What to do |
Reproduce only this range: the line holding "Resim Bad Meets" through the last line of the data below, both included, exactly, with no pictures.

──────── Supplied records ────────

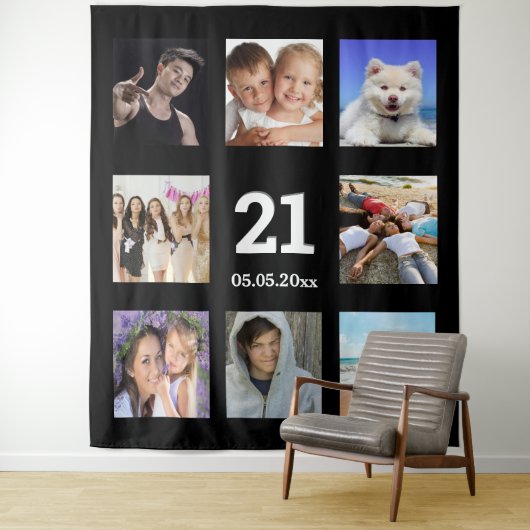 21e verjaardag aangepaste foto collage zwarte man wandkleed (In situ)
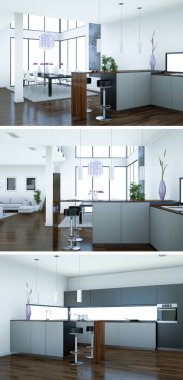 Güzel bir tasarım ile modern bir mutfak, üç kez bakıldı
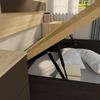 Homey Ausziehbares Bett mit großem Fassungsvermögen, mit atmungsaktivem Deckel, abgerundete Ecken, Holz, Wenge, 105x190 cm Bild 4
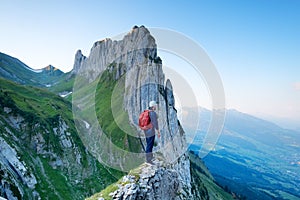 Adventure and travel in the mountain region in the Switzerland mountains.
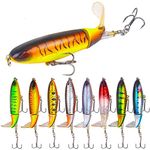 Aneew 8X Top Water Fishing Lures Accessories Bass Pencil Whopper Popper Spinnerbait Rotating Tail Musky 4"/0.45oz 8# Treble Hook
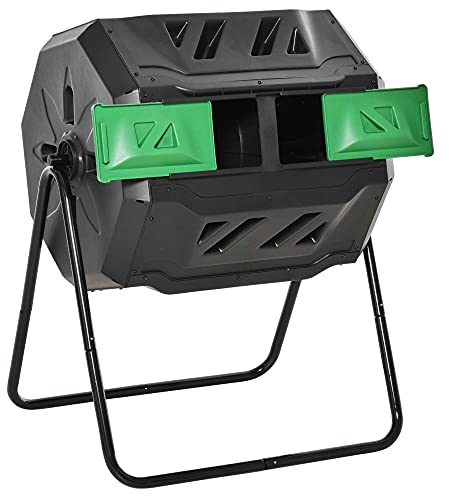 Composteur à Tambour Outsunny, composteur de Jardin de 160L avec 2 Compartiments, composteur Rotatif Rapide, pour Les déchets biologiques et de Jardin, Noir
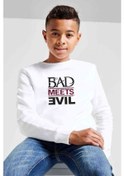 Resim Bad Meets Evil Logo Baskılı Unisex Çocuk Beyaz Sweatshirt Beyaz 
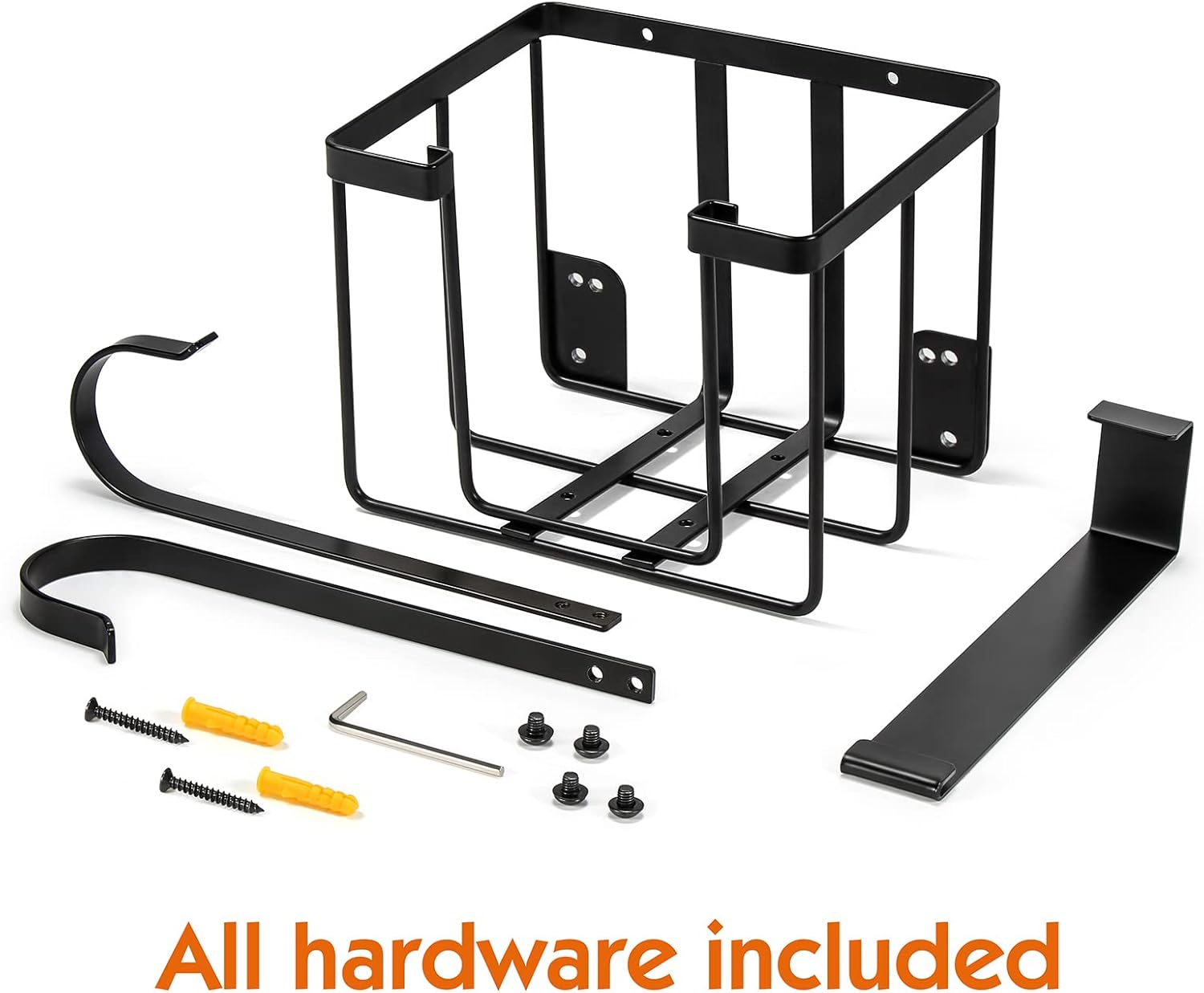 ORLESS Ironing Board Hanger - Over The Door/Wall Mount Storage Solution for Laundry Room, Black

────────

Problem solution |
 Resim Bad Meets Evil Logo Baskılı Unisex Çocuk Beyaz Sweatshirt Beyaz 
 ORLESS Ironing Board Hanger - Over The Door/Wall Mount Storage Solution for Laundry Room, Black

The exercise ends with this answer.